Wendell Berry: from Given Poems, "Sonata at Payne Hollow" (pg 43)

http://johnwmacdonald.com/8005l_night_lights.jpg

Writing “perfectly clear” theology, as with all other arts, is like stopping the river of God’s work. Comprehensiveness and clarity are always in tension. Theology likes to be comprehensive. otherwise theology requires a slow shutter speed letting in light from all sort of angles. Theologians must choose between the benefits of darker swirling light “night shots,”like the one above ove the Ottowa River Parkway by John C. McDonald or the benefits of those surreal smoky looking shots of rivers in motion like the shot above of the Rupert River By Ian Diamond. Theology is to be done along the way, utilizing the material on the ground, fraught with its own weakness, leaving the imperfections that make each experience unique, it is to be a transitory prayer- a song of assent.

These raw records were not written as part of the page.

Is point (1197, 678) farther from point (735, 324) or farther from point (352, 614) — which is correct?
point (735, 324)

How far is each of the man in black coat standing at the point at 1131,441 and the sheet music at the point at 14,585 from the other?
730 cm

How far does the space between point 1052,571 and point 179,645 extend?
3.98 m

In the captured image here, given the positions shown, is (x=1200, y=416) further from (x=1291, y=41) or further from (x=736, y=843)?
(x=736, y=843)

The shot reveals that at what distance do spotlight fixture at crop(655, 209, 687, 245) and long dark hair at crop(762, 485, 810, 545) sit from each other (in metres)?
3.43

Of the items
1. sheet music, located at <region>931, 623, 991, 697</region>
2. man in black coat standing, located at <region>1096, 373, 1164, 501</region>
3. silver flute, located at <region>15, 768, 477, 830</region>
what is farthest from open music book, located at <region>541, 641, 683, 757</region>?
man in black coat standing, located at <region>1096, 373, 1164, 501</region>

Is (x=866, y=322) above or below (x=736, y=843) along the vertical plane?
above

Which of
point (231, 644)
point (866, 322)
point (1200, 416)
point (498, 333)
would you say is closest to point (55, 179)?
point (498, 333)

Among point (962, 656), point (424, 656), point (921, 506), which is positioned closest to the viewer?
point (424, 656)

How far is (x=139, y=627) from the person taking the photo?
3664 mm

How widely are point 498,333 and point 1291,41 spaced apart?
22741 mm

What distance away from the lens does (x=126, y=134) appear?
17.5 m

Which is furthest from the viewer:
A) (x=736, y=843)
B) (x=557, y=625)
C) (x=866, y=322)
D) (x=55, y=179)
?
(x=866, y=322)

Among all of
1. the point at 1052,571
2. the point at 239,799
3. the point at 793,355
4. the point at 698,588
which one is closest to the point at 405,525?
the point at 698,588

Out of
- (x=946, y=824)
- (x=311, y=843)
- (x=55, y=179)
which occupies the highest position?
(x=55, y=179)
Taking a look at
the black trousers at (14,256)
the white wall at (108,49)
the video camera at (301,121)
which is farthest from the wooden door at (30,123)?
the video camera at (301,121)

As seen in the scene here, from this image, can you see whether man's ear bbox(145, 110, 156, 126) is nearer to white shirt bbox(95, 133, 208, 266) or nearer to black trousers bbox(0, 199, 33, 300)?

Consider the evangelist John’s long, loose, time-lapsed takes:

What has come into being in [the Word] was life, and the life was the light of all people. The light shines in the darkness, and the darkness did not overcome it.

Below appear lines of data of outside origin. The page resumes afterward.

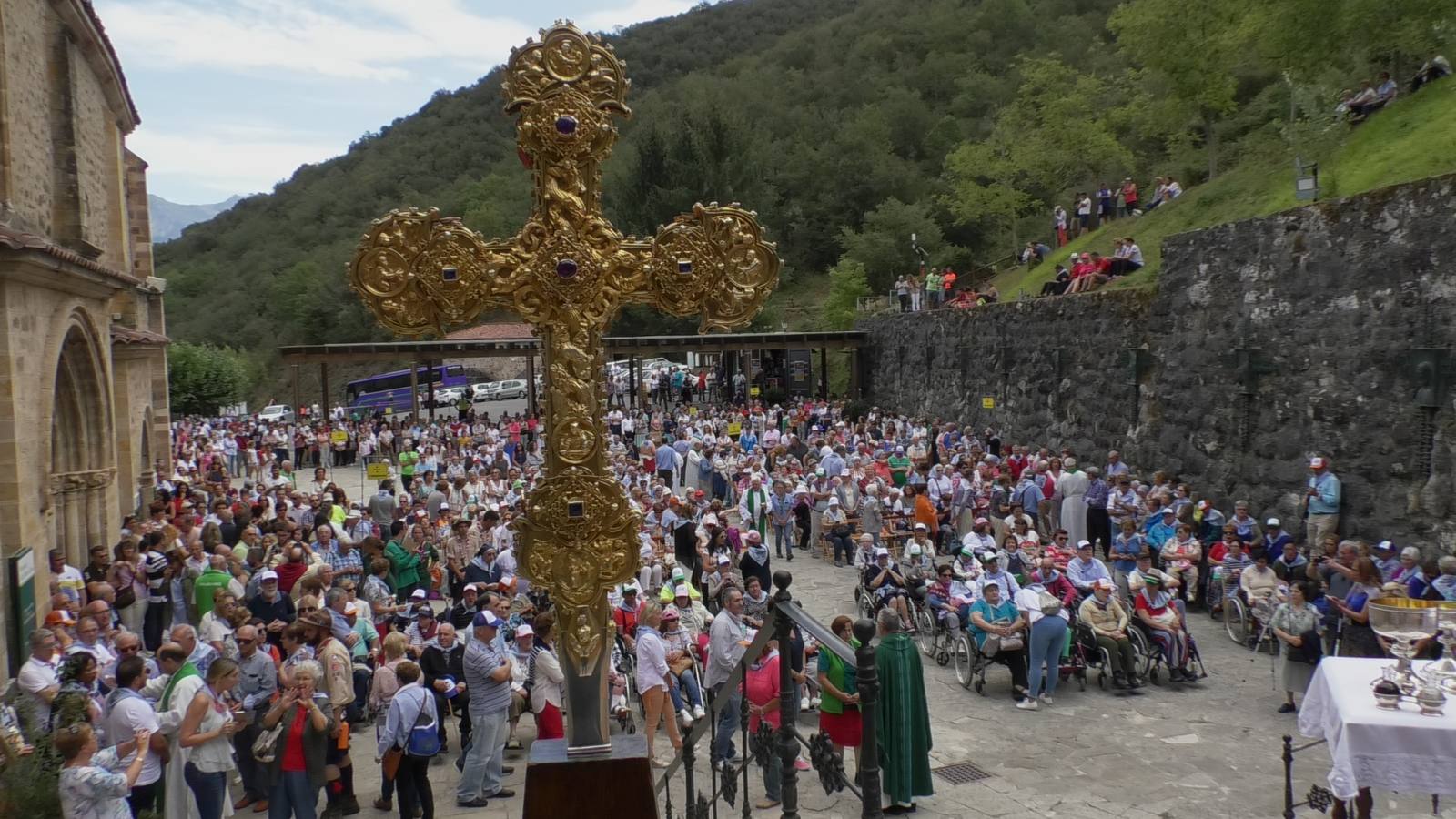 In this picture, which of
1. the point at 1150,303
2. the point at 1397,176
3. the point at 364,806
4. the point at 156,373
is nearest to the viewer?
the point at 364,806

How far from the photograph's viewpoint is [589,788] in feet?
13.5

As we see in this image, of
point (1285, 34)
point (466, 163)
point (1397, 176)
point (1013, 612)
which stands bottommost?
point (1013, 612)

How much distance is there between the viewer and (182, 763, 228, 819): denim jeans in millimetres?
7336

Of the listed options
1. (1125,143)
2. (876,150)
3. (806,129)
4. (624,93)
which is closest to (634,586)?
(624,93)

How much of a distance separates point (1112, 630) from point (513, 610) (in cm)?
598

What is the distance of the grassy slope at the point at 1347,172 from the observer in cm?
1570

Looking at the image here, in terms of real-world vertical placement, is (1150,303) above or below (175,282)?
below

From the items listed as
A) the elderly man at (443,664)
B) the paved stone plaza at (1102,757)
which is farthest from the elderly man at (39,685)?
the elderly man at (443,664)

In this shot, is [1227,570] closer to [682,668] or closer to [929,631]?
[929,631]

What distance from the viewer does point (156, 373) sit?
24.5 metres

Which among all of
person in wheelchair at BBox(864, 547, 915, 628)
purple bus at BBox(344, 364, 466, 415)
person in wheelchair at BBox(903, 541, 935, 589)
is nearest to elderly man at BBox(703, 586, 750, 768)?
person in wheelchair at BBox(864, 547, 915, 628)

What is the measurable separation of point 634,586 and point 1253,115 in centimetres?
3559

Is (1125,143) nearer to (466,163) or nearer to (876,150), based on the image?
(876,150)

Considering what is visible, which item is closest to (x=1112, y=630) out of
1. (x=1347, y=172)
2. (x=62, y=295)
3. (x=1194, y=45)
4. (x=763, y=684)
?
(x=763, y=684) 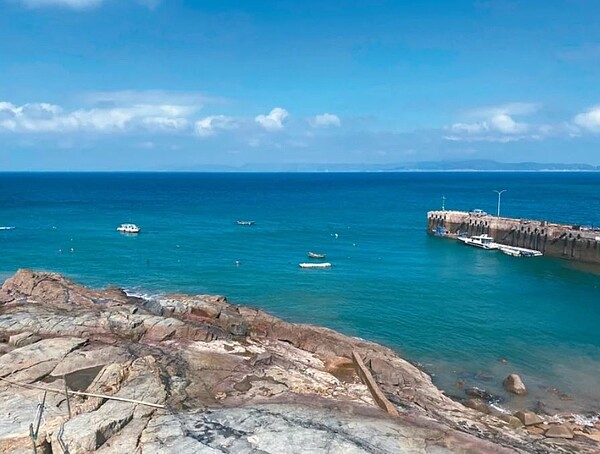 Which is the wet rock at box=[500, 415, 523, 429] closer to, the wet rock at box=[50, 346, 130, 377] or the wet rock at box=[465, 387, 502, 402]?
the wet rock at box=[465, 387, 502, 402]

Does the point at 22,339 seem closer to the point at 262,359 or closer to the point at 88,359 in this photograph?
the point at 88,359

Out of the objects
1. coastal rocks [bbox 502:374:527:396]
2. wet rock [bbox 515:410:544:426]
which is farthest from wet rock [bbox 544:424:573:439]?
coastal rocks [bbox 502:374:527:396]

There was a man sent from God, whose name was John. He came as a witness to testify to the light, so that all might believe through him. He himself was not the light, but he came to testify to the light. The true light, which enlightens everyone, was coming into the world.

He was in the world, and the world came into being through him; yet the world did not know him. He came to what was his own, and his own people did not accept him. But to all who received him, who believed in his name, he gave power to become children of God, who were born, not of blood or of the will of the flesh or of the will of man, but of God.

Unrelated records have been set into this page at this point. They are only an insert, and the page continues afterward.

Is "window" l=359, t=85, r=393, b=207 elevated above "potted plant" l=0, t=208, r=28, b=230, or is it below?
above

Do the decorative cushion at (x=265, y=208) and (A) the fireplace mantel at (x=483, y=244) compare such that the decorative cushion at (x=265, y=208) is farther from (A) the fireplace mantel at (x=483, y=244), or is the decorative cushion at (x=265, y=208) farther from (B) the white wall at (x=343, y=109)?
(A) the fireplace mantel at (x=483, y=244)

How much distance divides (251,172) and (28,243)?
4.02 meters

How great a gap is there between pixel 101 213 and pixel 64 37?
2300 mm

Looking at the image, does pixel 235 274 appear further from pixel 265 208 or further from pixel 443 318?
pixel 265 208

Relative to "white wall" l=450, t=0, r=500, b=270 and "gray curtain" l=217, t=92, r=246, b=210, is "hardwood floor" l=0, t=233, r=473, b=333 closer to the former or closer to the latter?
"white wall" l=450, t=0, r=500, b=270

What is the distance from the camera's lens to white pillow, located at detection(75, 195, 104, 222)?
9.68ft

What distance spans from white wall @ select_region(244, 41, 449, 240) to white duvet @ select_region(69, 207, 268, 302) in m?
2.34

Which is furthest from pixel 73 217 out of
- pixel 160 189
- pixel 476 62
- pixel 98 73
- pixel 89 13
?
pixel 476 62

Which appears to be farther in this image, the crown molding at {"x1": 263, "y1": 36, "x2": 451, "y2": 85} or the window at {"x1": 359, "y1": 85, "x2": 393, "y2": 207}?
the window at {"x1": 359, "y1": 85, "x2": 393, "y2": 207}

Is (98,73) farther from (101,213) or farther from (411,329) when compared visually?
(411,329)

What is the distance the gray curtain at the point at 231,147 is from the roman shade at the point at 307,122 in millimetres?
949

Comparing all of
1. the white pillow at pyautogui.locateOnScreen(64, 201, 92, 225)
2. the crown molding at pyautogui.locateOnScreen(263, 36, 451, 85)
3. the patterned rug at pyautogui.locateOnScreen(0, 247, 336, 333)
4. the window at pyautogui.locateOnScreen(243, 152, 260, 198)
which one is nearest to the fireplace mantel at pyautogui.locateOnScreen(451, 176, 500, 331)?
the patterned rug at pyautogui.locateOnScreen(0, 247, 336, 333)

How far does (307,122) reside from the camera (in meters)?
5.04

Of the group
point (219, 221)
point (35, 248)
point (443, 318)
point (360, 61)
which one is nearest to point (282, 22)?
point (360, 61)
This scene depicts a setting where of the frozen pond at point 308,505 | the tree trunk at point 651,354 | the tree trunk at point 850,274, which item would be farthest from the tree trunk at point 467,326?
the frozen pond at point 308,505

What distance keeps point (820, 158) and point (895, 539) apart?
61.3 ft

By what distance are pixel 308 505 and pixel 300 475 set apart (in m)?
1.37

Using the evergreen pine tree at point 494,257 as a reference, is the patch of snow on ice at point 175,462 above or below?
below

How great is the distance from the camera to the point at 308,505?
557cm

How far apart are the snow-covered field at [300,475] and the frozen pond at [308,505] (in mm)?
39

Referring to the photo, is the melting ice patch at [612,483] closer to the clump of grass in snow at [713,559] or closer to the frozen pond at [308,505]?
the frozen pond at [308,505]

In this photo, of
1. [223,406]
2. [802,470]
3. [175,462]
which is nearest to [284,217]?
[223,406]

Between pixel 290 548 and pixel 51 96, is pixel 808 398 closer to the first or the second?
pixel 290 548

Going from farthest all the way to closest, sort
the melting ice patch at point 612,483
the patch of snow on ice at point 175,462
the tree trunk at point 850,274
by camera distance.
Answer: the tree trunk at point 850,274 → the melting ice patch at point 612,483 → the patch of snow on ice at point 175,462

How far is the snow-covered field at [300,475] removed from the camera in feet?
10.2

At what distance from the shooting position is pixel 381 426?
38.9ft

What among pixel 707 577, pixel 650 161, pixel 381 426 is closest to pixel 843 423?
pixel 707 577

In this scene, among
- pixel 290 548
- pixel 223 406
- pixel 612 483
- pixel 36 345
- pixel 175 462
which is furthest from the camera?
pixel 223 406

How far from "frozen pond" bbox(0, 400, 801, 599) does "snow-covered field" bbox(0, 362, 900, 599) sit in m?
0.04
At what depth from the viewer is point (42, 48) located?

And the Word became flesh and lived among us, and we have seen his glory, the glory as of a father’s only son, full of grace and truth.

To choose a pretend “captured” portrayal of God, as a snap shot, with 400 speed film and quick shutter speed, and small aperture is to avoid the exposure to the scorching-brilliant glory of God. ‘To be like the children of Israel sending someone else up to Sinai. To cover our eyes, to resist light is to attempt mastery of it, to contain it, to domesticate it. To choose a pretend “still life” portrayal of God’s creativity is to make life what it is not. Such a choice explains away life’s rhythm: death and resurrection caught up in the baptism of the Holy Spirit, awaiting the revelation of the Children of God. To theologize is, as Wendell Berry describes painting, to “show it as less than it is.” In this case we can learn that both the personal nature of God and the created nature of God’s work is like the Word of God, it is dynamic or “living and active,” as the writer of Hebrews has sketched.